Thanks so much again for your comments and time on this issue, as I expect I will not get any quantitative explanations from the offending company, g, or my host. I didn't last year with the similar incident and MSN and big name cable company.

Thanks again.

jdMorgan

4:54 pm on Dec 4, 2005 (gmt 0)

WebmasterWorld Senior Member 10+ Year Member



Just trying to nail down what section of the code your having trouble with, and what problem you're having...

The following code will loop, because there is no provision to allow 'banned.shtml' to be served, so after you do the redirect and the client returns asking for 'banned.shtml', it will get redirected again.

There are several ways to fix this, and also several ways to improve it. I'll show them cumulatively, but you can mix and match the techniques if desired:


# Prevent 'infinite' redirect loop
RewriteCond %{REMOTE_HOST} \.example\.com
RewriteRule !^banned\.shtml$ http://www.mydomain.com/banned.shtml [R=301,L]


# Hide the banning function from the client by using internal rewrite instead of redirect
RewriteCond %{REMOTE_HOST} \.example\.com
RewriteRule !^banned\.shtml$ /banned.shtml [L]
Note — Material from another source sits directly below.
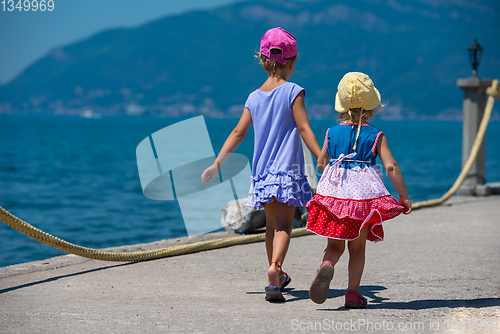 Image of little sisters walking on the beach coast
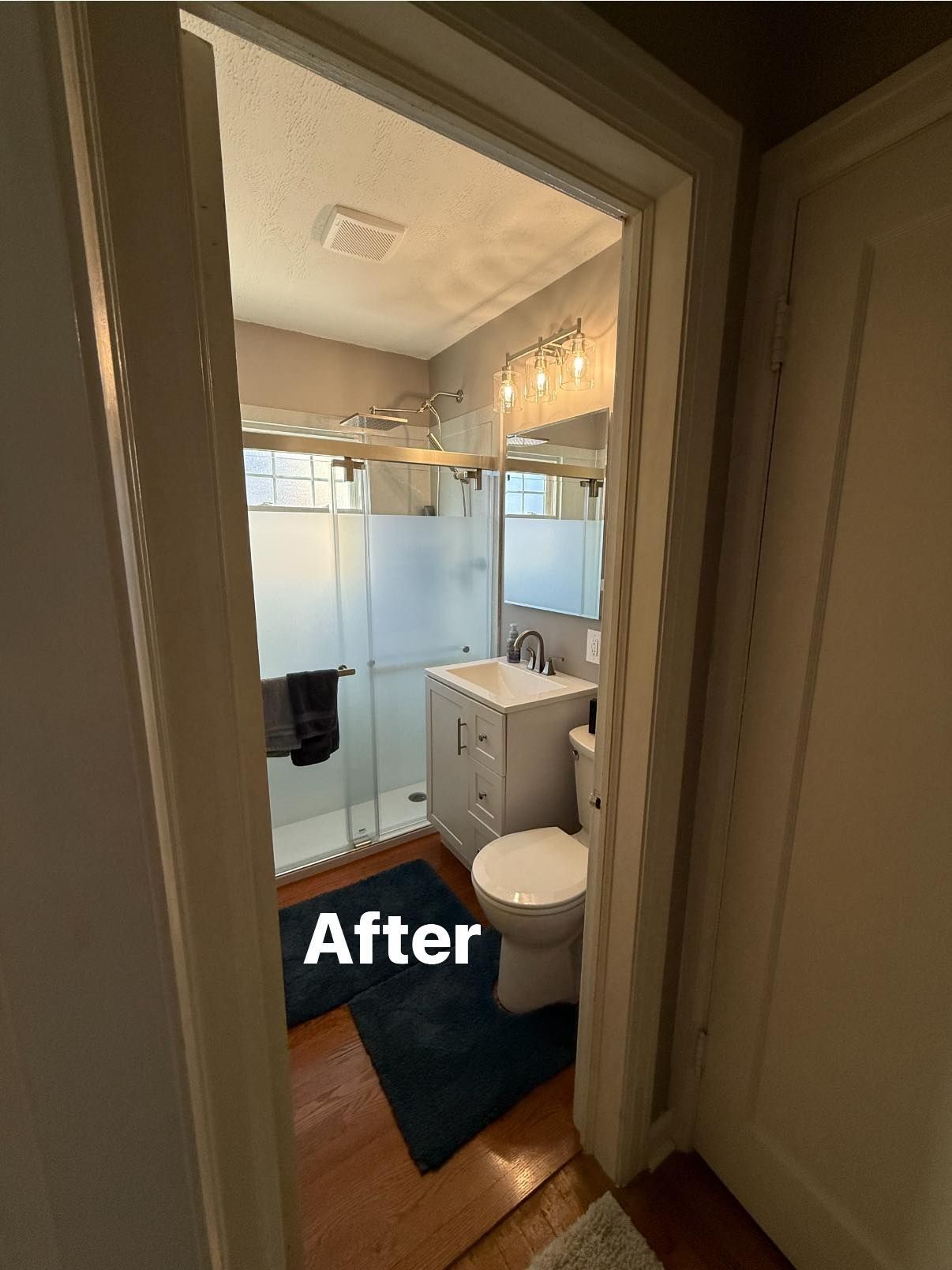 View through a doorway into a renovated bathroom featuring a white vanity, a glass shower, and a blue rug on wood floors.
# Reduce horrible DNS lookup load on server by limiting check to only shtml pages
RewriteCond %{REQUEST_URI} !^/banned\.shtml$
RewriteCond %{REMOTE_HOST} \.example\.com
RewriteRule \.shtml$ /banned.shtml [L]


# 403 unwelcome hosts instead of serving banned.shtml
RewriteCond %{REMOTE_HOST} \.example\.com
RewriteRule \.shtml$ - [F]

In the last two cases, I show limiting the scope of the reverse-DNS check, so that it only happens on .shtml page requests. You could adapt this so that it only checks for .php page requests, or request for any type of files but only in a certain subdirectory -- whatever makes sense for your site. Certainly if these 'bot-scripts never request images, you'd want to exclude image files from the RDNS check.
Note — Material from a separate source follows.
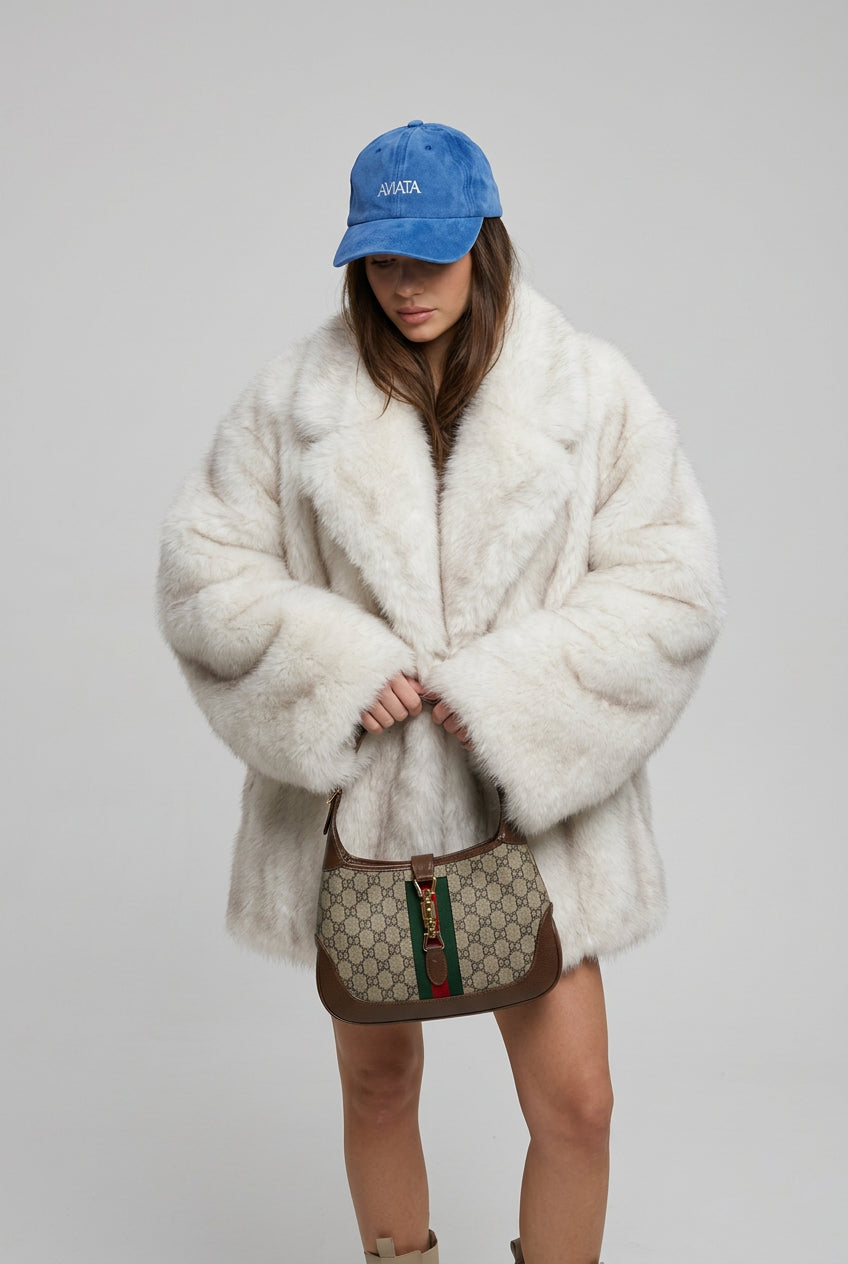 Detail of the plush faux fur surface on the creamy-white coat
In addition to increasing the server load by a factor of at least two, checking reverse DNS also incurs an additional dependency: If the DNS server you're querying is slow or broken, then your site will be slow or broken. As it is now, every incoming request to your server for every page, image, stylesheet, etc. results in an outgoing RNDS lookup request, and the incoming request cannot be served until the RDNS response comes back. You may indeed have to live with this for awhile, but at least be aware of the severity of the load increase, so you can balance it with your access control needs.

Also, be aware that if you use a custom 403 error page, then it will also need to be excluded from access control in a similar way to that shown for excluding banned.shtml, in order to avoid a looping situation.

HTH,
Jim

kahuna

7:55 pm on Dec 4, 2005 (gmt 0)

10+ Year Member



Thanks as always... but what a bummer. I don't know why I hadn't seen the issue before with other REM0TE_H0ST redirects , and or if it was random from the servers which wouldn't make sense to me.. the infinite loop problem .

I would often check the logs to see if my redirects were taking place... so I don't understand how I would have missed other endless loops taking place.

And yes... HTH.
thanks again.

kahuna

10:59 am on Dec 5, 2005 (gmt 0)

10+ Year Member



the reason why dummie (me) "missed" or the endless loops didn't occur in many instances.. is because most redirects started in sub directories and were redirected to upper level directories where.
When I used similar coding from the lower level directory in my root html directory.. duhhhhh it causes the loops.
When JD writes his book "Htaccess Files for Dummies" I guess I'll be getting one. thanks again.